Task directions =>
Reproduce the listing below exactly, beginning with its first line and ending with the line that holds "Garfield Austin Aerial"; pictures are not part of the copy.

++++ Provided data ++++

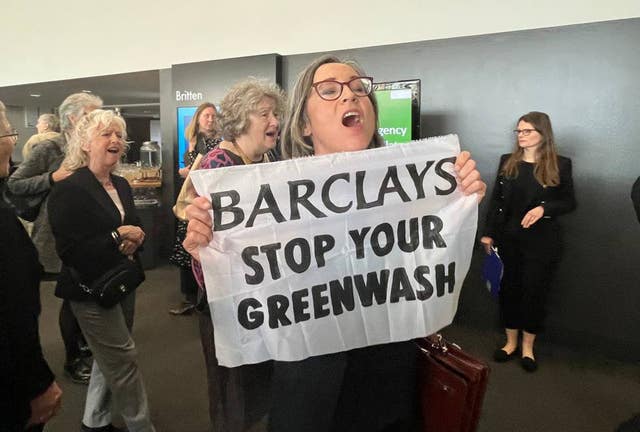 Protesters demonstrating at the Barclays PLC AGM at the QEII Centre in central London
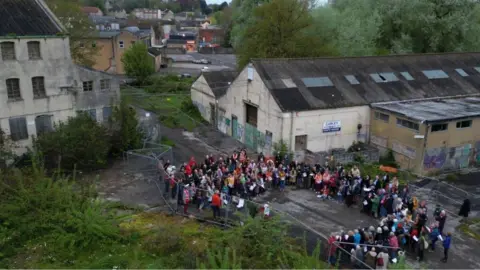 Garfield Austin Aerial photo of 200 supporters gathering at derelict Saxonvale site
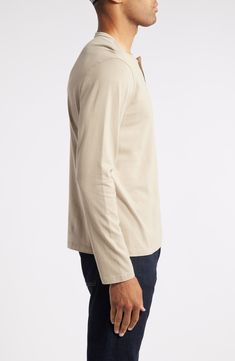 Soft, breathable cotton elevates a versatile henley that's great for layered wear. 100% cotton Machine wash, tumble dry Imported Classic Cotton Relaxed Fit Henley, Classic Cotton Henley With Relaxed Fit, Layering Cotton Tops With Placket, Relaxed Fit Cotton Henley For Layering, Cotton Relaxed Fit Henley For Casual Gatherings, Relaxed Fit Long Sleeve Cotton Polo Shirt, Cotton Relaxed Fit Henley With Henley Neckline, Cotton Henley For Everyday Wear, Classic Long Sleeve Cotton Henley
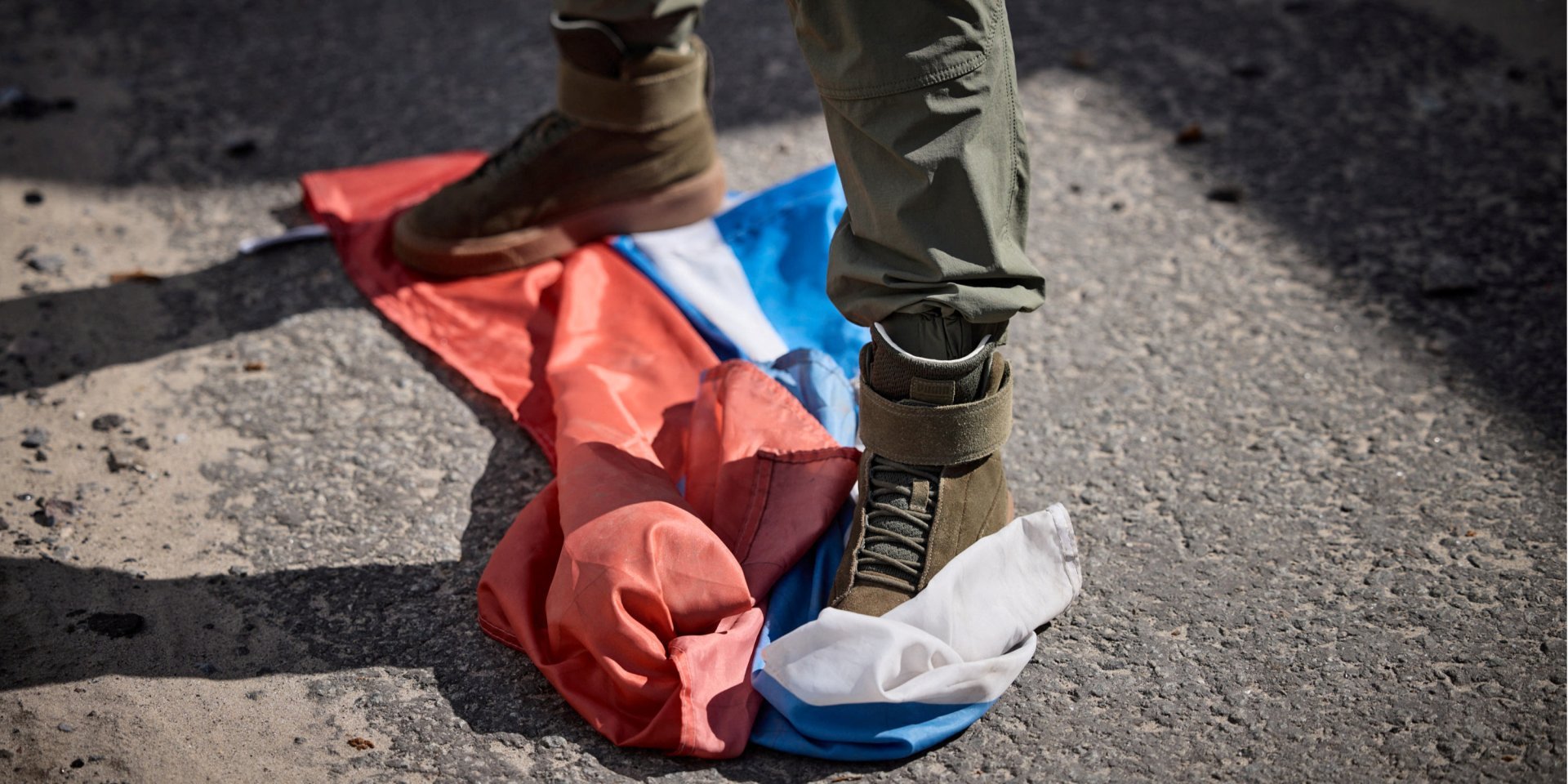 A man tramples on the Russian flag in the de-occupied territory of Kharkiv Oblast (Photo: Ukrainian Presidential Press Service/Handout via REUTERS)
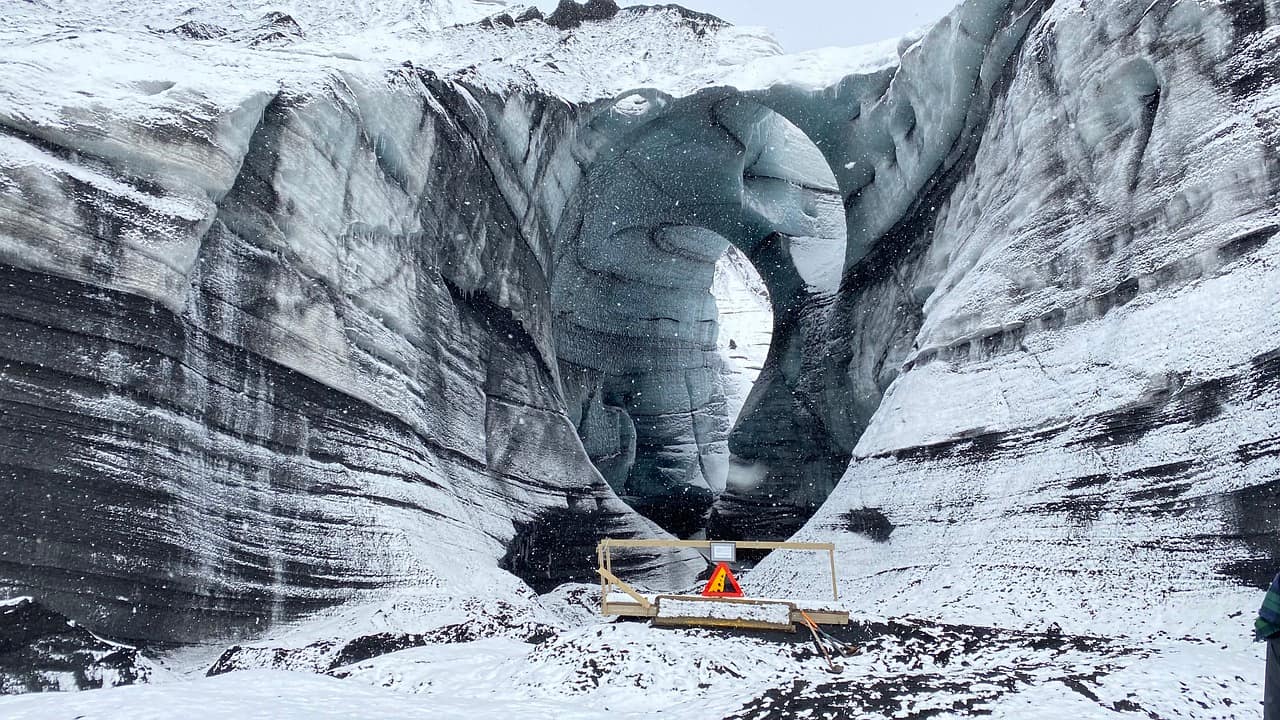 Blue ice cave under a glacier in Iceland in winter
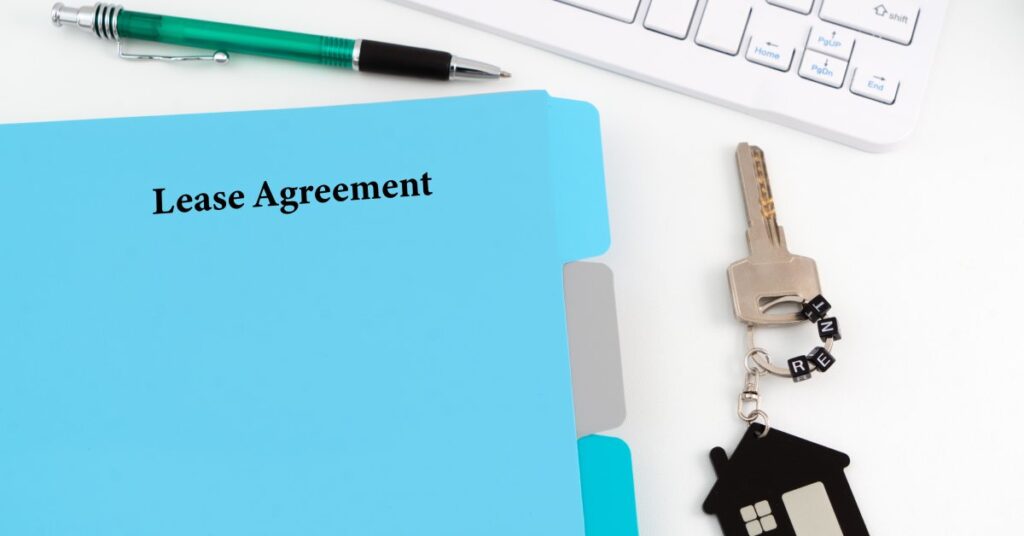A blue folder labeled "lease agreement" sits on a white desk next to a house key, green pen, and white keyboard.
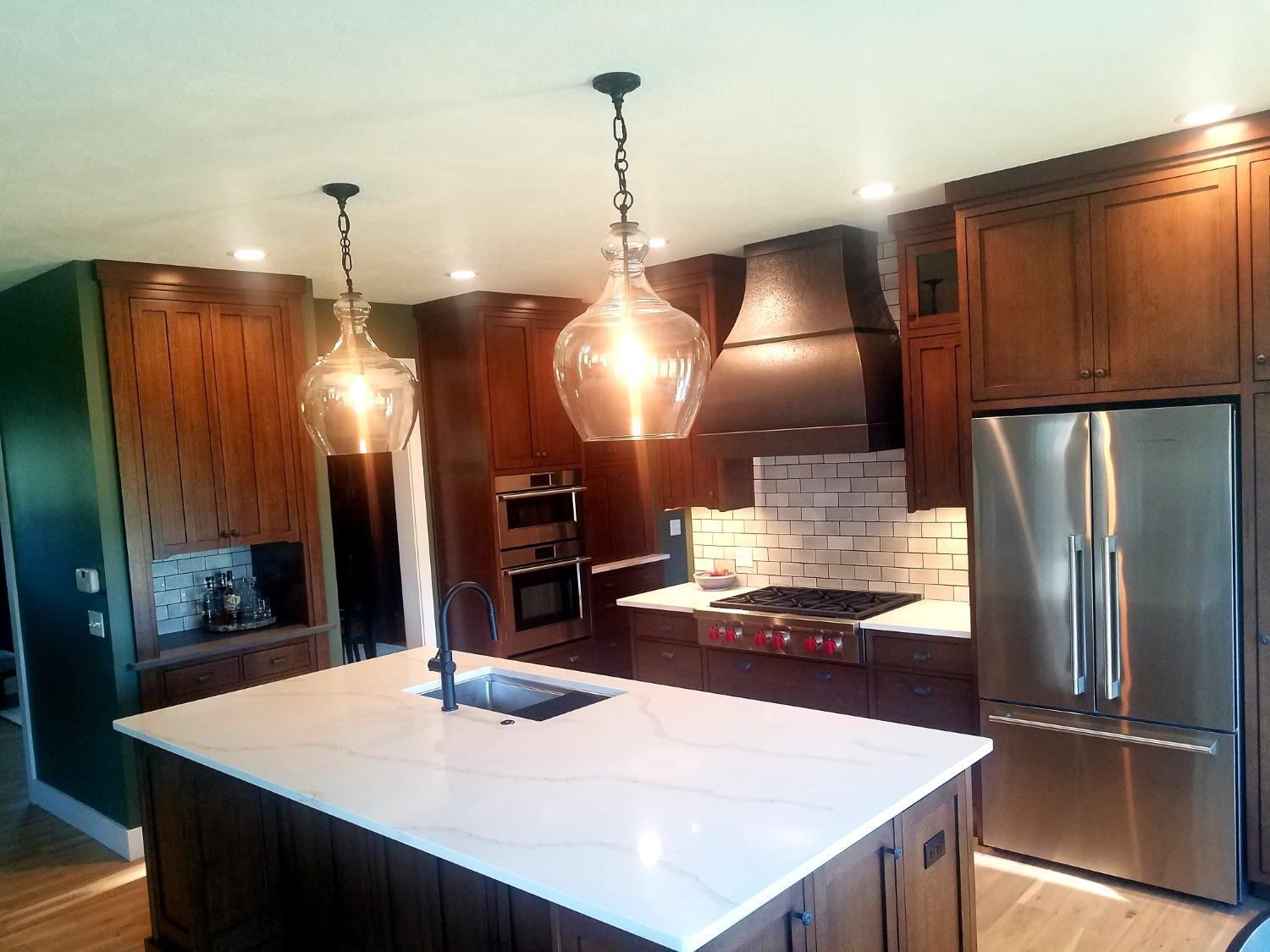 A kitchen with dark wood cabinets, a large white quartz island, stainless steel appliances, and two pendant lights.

++++

Exercise result =>
 Protesters demonstrating at the Barclays PLC AGM at the QEII Centre in central London
 Garfield Austin Aerial photo of 200 supporters gathering at derelict Saxonvale site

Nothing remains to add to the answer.